While utility bankruptcies are rare, they can result in anything from a healthy company to a breakup, with business units sold off like spare parts. For consumers, the fallout likely means higher rates.
PG&E plunged 22 percent on Monday on news that it’s exploring a bankruptcy filing in response to an onslaught of wildfire liabilities estimated to be as high as $30 billion—far exceeding the company’s market value of less than $10 billion. On Tuesday, the company fell as much as 17 percent after S&P Global Ratings downgraded the San Francisco-based company’s long-term credit rating to junk, and said the utility remains on a negative watch. The bonds hit all-time lows.
A potential bankruptcy is seen as putting pressure on California lawmakers to provide a bailout and avoid more turmoil for the state’s largest utility. Whatever the outcome, bankruptcy tends to be “massively inefficient,” said Severin Borenstein, an energy economist at the University of California, Berkeley.
“It freezes the company,” he said. “A judge who has no expertise essentially becomes the CEO. And there are these committees that get involved in every corporate decision.”
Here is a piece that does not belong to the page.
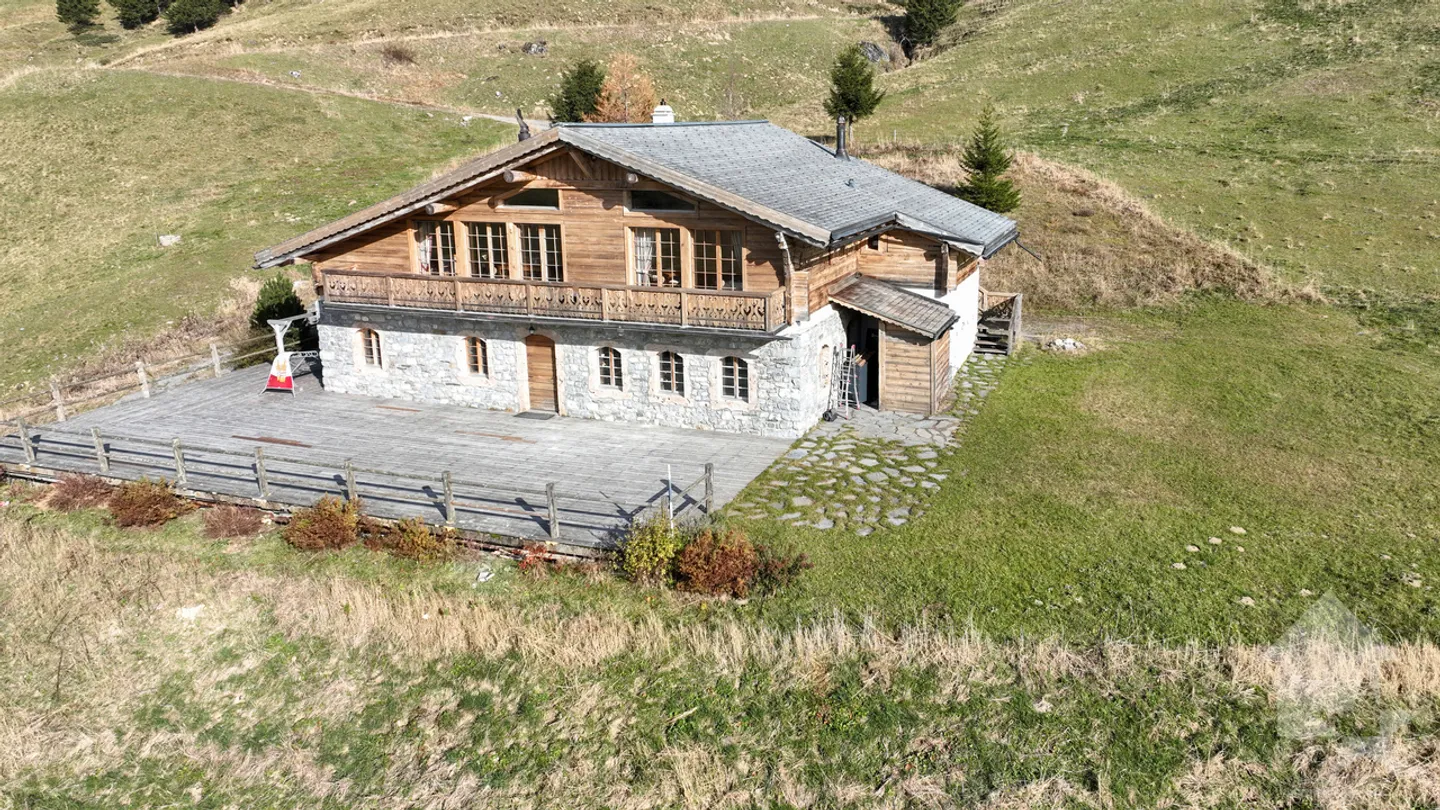 Chalet im Herzen der Skipisten von Portes du Soleil - Foto 1 von 48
PG&E has faced bankruptcy previously.
Its Pacific Gas and Electric utility filed for bankruptcy in 2001 as soaring wholesale power prices and rolling blackouts threw California into crisis. The PG&E Corp. holding company itself never filed for bankruptcy. The utility emerged three years later, its business intact. Under the reorganization plan, ratepayers were responsible for $7.2 billion of the company’s debt from the electricity crisis.
Bankruptcy filings tend to be rare for electric utilities because they have large and steady revenue streams. But there have been other cases. El Paso Electric, for example, filed for Chapter 11 in 1992, due largely to expenses tied to the Palo Verde nuclear plant. The Texas company exited bankruptcy court four years later with a new rate plan that let it recoup its costs.
A PG&E bankruptcy isn’t “likely” at this time as the company can tap other sources of cash, either through the sale of its natural gas unit or other real estate, or a cut in its $5.5-billion capital spending plan, analysts at Mizuho Securities USA Llc.led by Paul Fremont wrote in a research note on Tuesday. Fremont cut his price target on the shares to $19 from $27.
“There are other sources for cash the company can rely on to avoid bankruptcy,” Fremont said in the note.